Data excerpt:

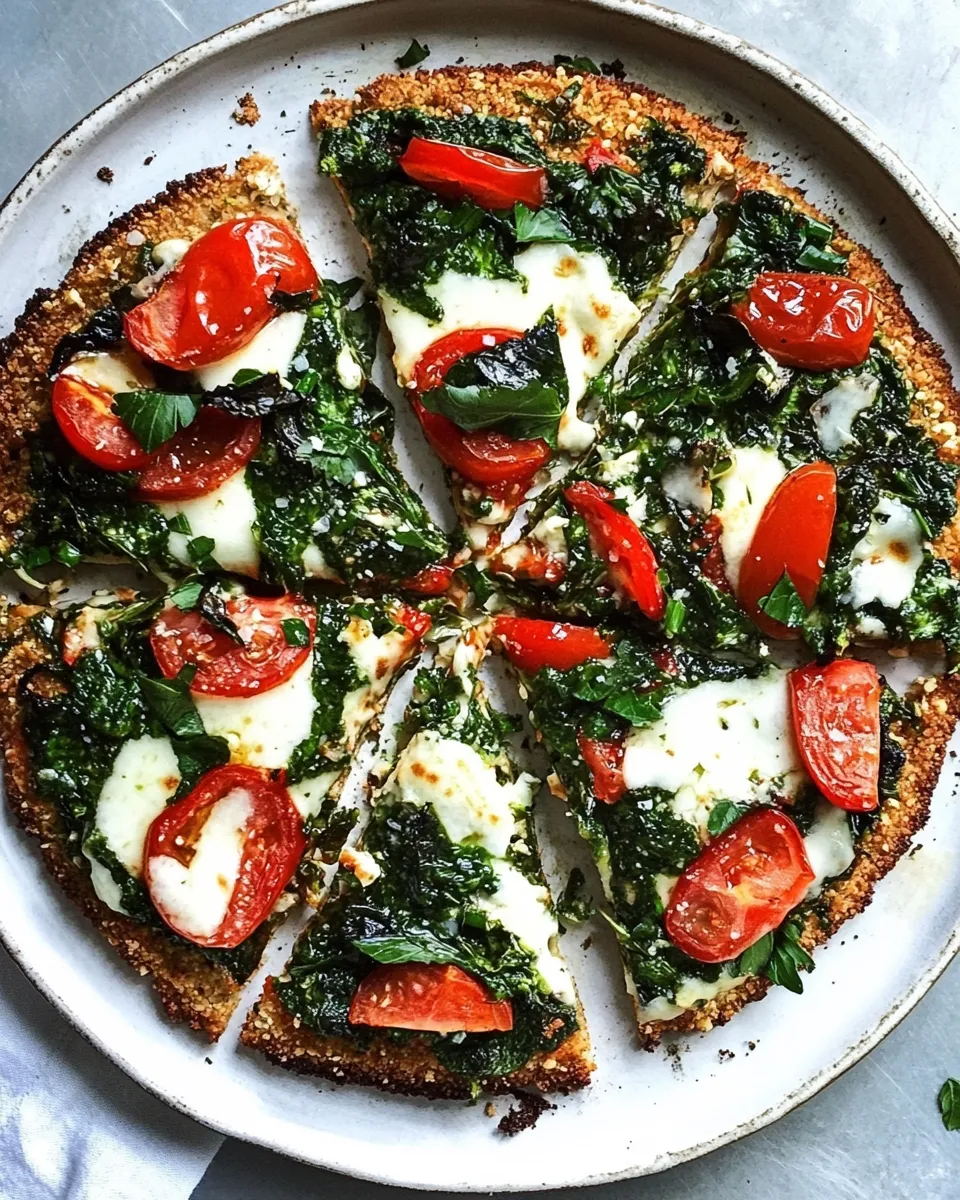 Easy Vegan Cauliflower Crust Pizza recipe photo
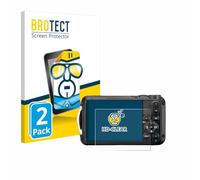 BROTECT Protector Pantalla para Ricoh Pentax WG-8 Protector Transparente (2 Unidades) Anti-Huellas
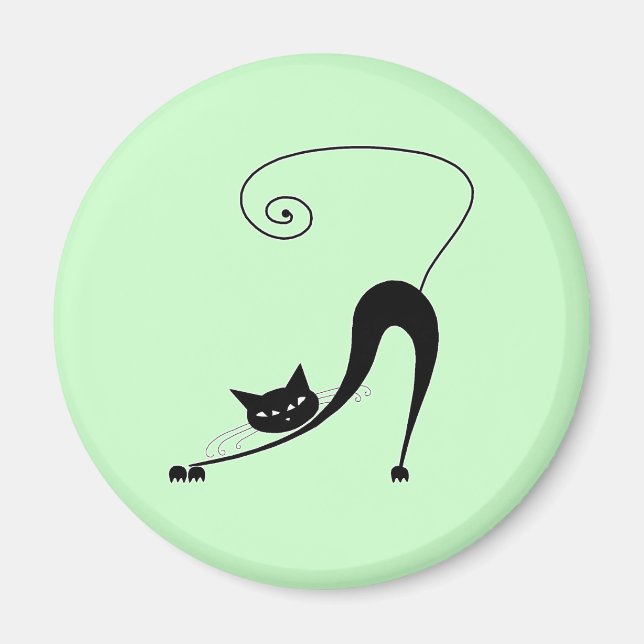 Íman Gatinho branco preto 2 (Frente)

Work instructions: Could you give the listing again exactly as it stands, minus any pictures?

Answer section:
 Easy Vegan Cauliflower Crust Pizza recipe photo
 BROTECT Protector Pantalla para Ricoh Pentax WG-8 Protector Transparente (2 Unidades) Anti-Huellas
 Íman Gatinho branco preto 2 (Frente)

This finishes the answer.